Menaces intérieures et extérieures
La toile de fond de la rébellion du Nord-Ouest
Entre 1871 et 1898, l'événement qui va marquer le plus fortement la jeune force de défense canadienne ne sera, sans contredit, constitué par la seconde rébellion métis qui, au printemps 1885, secoue les Territoires du Nord-Ouest. Cette crise est provoquée par des conditions à peu près semblables à celles qui prévalaient en 1870 dans la région de la rivière Rouge. Les germes du conflit sont semés dès 1872 quand, négligeant les Métis, des émissaires gouvernementaux signent un traité avec les autochtones de la région de Qu'Appelle.

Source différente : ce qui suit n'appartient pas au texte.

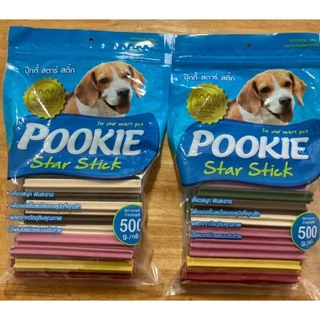 MG-910 Pookie Star Stick 🐾 ขนมขัดฟันสำหรับสุนัข 500 กรัม x 1 ถุง ขนมทานเล่นและให้รางวัลสำหรับสุนัข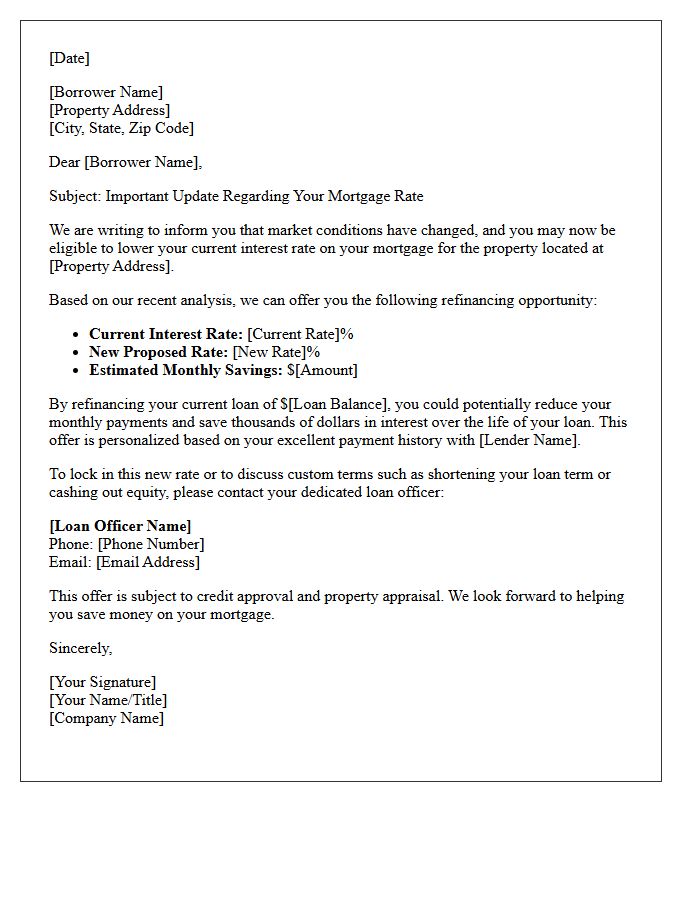 Personalized Mortgage Refinancing Rate Decrease Letter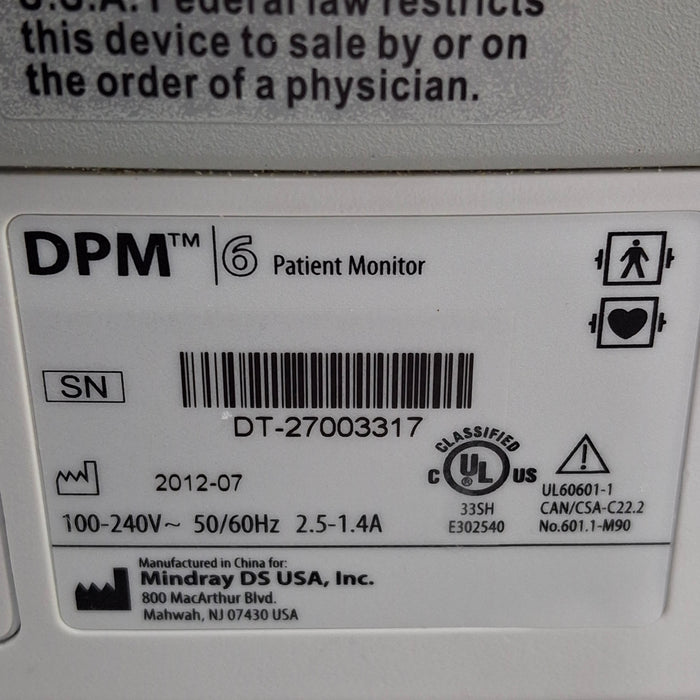 Mindray DPM6 Patient Monitor
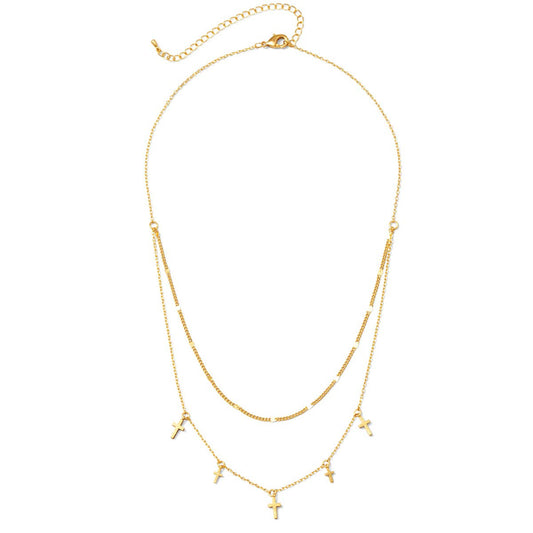 Crosses and Chain Double Layer Appeal Necklace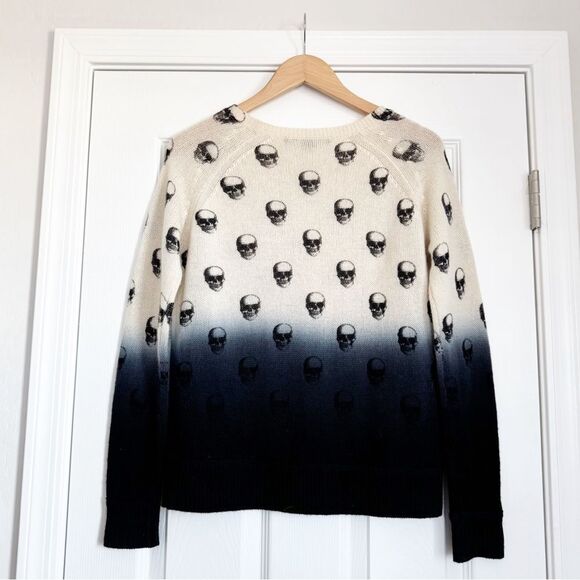 Skull Cashmere Dip Dye Ombre Skull Print Sweater Size XS - Picture 4 of 9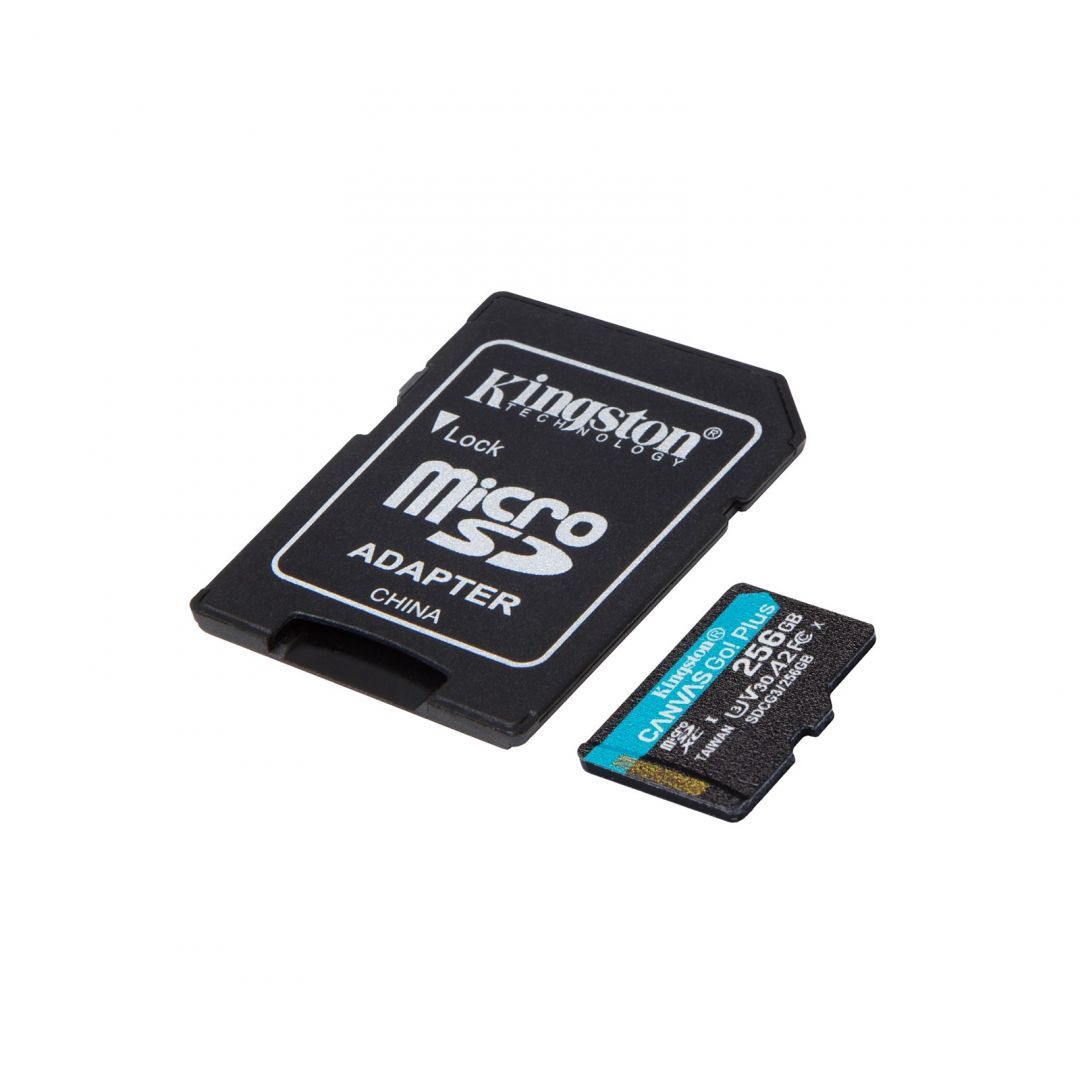 Kingston 256GB microSDXC Canvas Go! Plus Class 10 170R A2 U3 V30 Card + adapterrel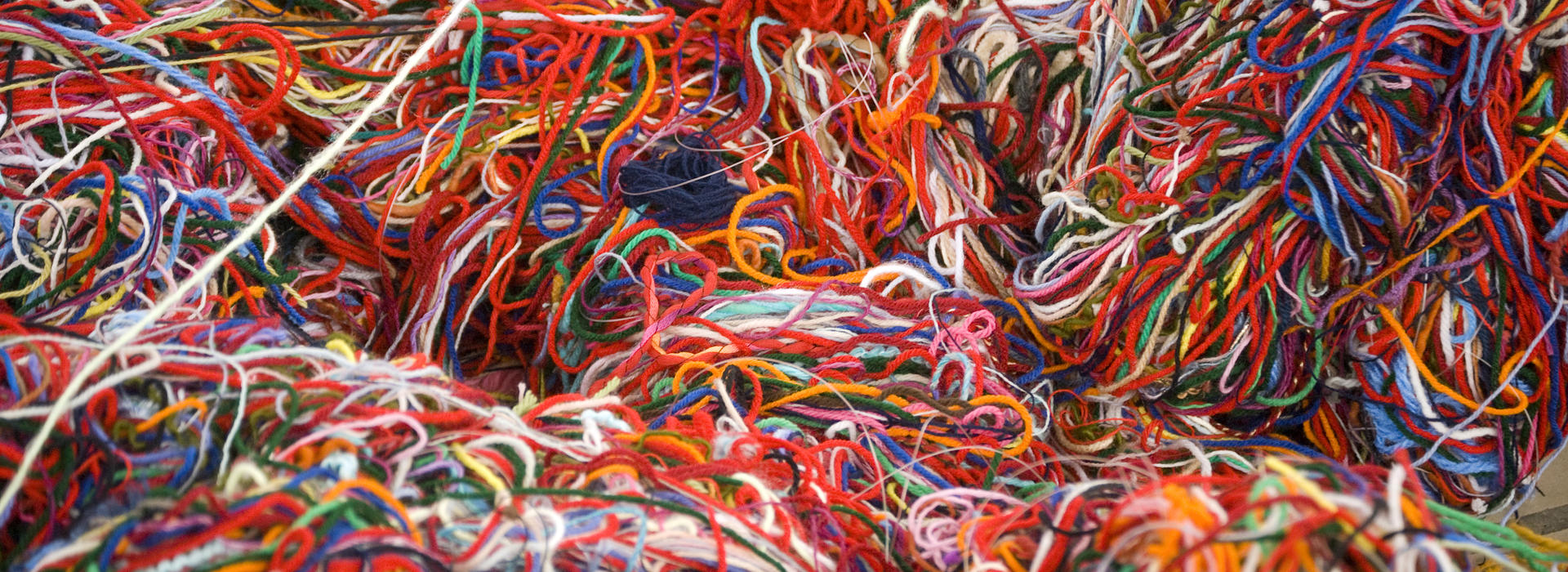 A lot of interconnected bunched up yarn.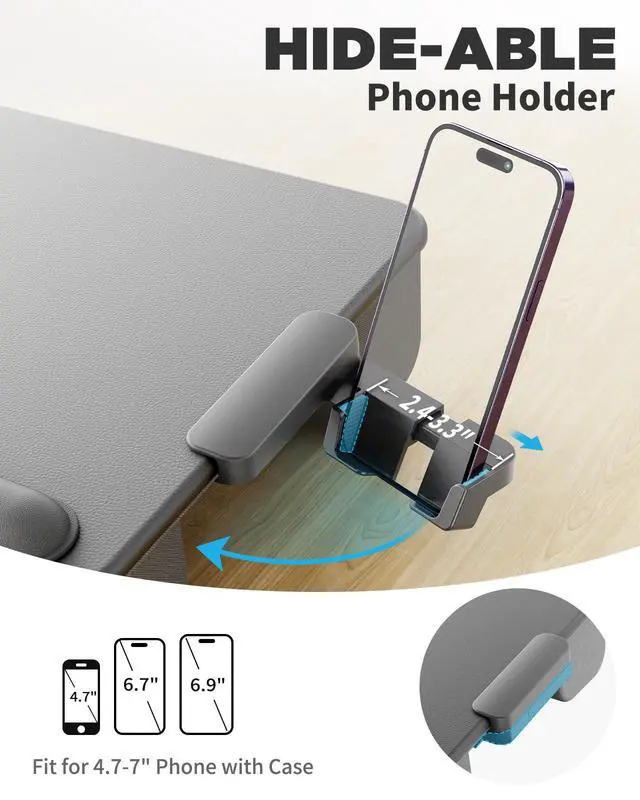 Alt view image 3 of 7 - Lap Desk with Cushion, Computer Laptop Stand, Lap Laptop Table, Built-in Drawer Storage, Phone Holder, Wrist Pad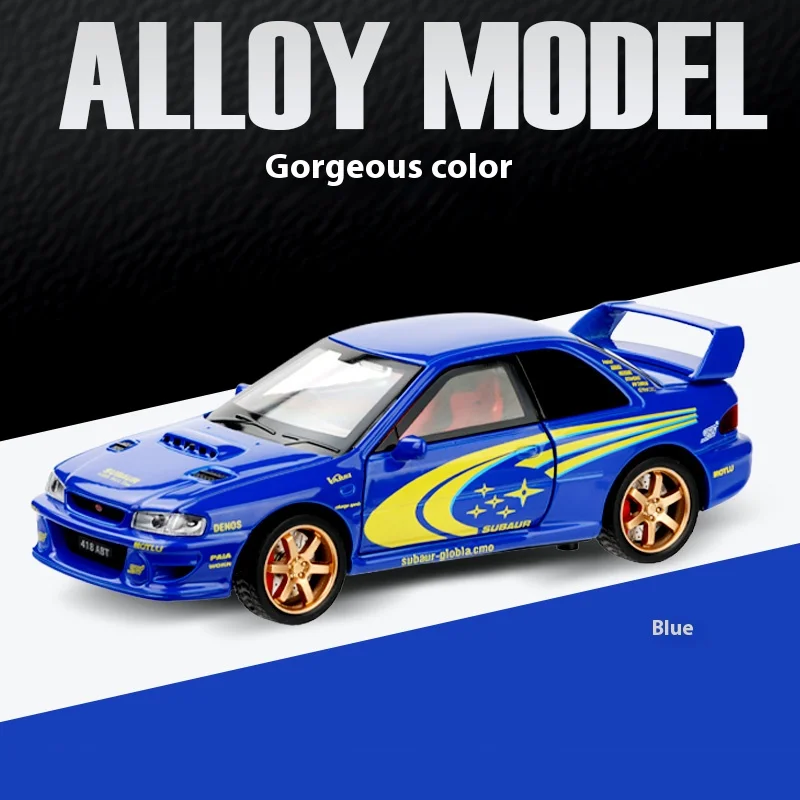 

1:32 Subaru Impreza Rally Alloy Car Model Simulation Sound Light Toys Sedan Festival Gifts For Boys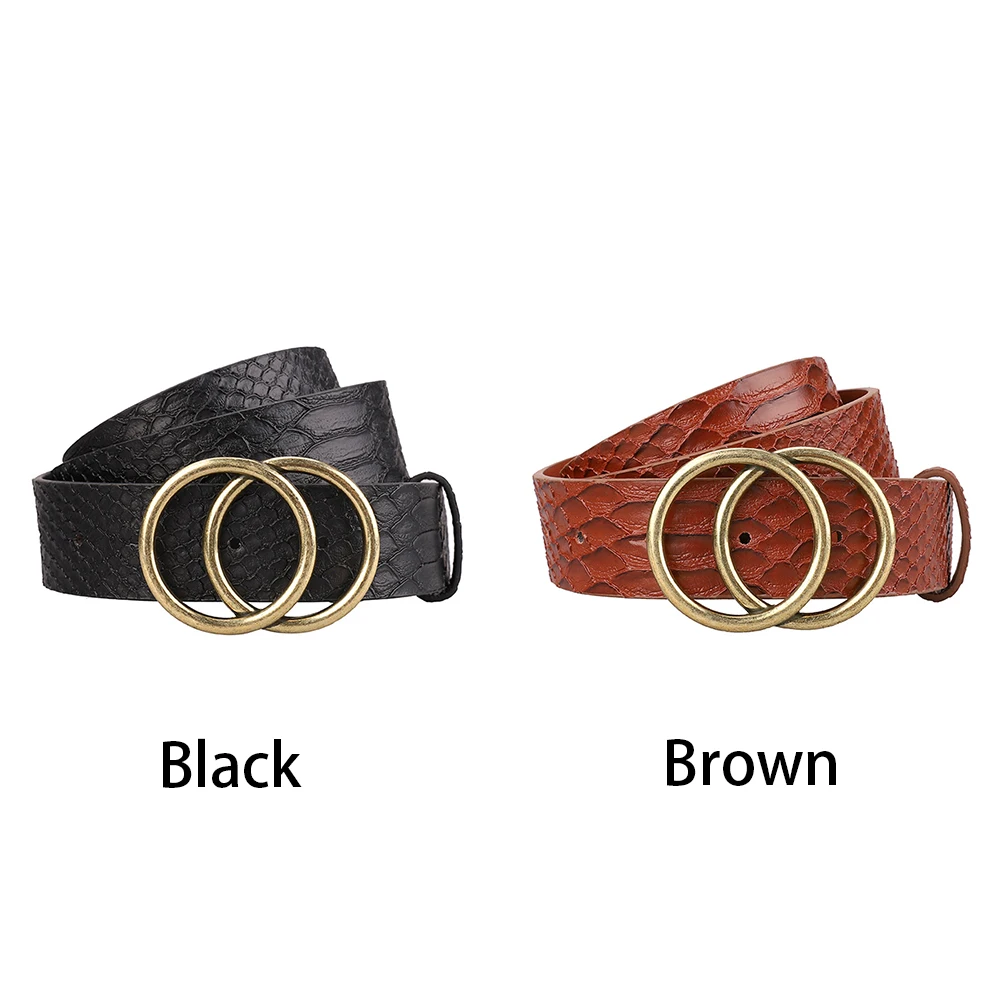 Space Saving Faux Easy To Carry Gift Double O-Ring Daily Women Leather Belt Easy To Use Coarse Snakeskin Pattern Casual Buckle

Suivent bientôt des arpenteurs qui se mettent à fractionner les grands espaces libres en terres à coloniser. De 1878 à 1884, les Métis expédient à Ottawa des dizaines de requêtes réclamant la reconnaissance de leurs droits sur des terres qu'ils occupent parfois depuis plus d'une génération. Rien n'y fait. Le premier bureau d'inscription des titres dans ces territoires ouvre à Prince Albert en 1881, alors qu'au Manitoba de nombreux différends et cas de fraude entourent toujours les ententes de 1870.
Cette situation exacerbe les Métis, dont plusieurs ont reflué du Manitoba vers l'ouest devant l'envahissement des terres par des colons qui menaçaient leur mode de vie. Au mois de mai 1884, le Conseil des Métis de Batoche tient une réunion au cours de laquelle son chef, Gabriel Dumont, fait adopter une résolution invitant Louis Riel à venir se porter à la défense de ses frères.
Marié, Riel vit alors au Montana, où il enseigne à la mission Saint-Pierre. Les délégués des Métis de la Saskatchewan débarquent chez lui le 4 juin. Cinq jours plus tard, Riel
démissionne de son poste et, le lendemain, il prend la direction du nord. Le Riel de 1884 est plus exalté qu'autrefois. Il croit désormais que lui incombe la mission de conduire Métis et Indiens et de faire en sorte qu'ils soient unis en un seul peuple.
Entre le moment où il arrive à Batoche et la fin de l'hiver, en 1884-1885, le silence d'Ottawa devant les réclamations des Métis a nourri un climat d'agitation qui atteint son paroxysme au moment où, de retour de Winnipeg, un employé de la Compagnie de la baie d'Hudson, annonce aux Métis que des policiers déterminés à écraser leur fronde et à mettre Riel aux fers sont en route. Le 19 mars, lors du rassemblement traditionnel soulignant la fête de saint joseph, leur saint patron, les Métis se donnent un gouvernement provisoire présidé par Louis Riel et par un adjudant général, Gabriel Dumont. Batoche devient la capitale de ce gouvernement et, bientôt, le poste que les autorités gouvernementales canadiennes voudront abattre.
L'action est au programme de ceux qu'on désigne sous le nom de rebelles et qui tentent principalement d'obtenir l'adhésion des autochtones à une cause qu'ils veulent commune. Le succès de l'opération diplomatique est mitigé puisque très peu d'Amérindiens se joindront effectivement aux Métis. Désireux d'exercer le plein contrôle du terrain géographique, le gouvernement de Riel et de Dumont réclame, de la Police montée du Nord-Ouest, la cession des forts de Carlton et de Battleford. À ce stade, les pions sont tous en place pour que survienne la tragédie.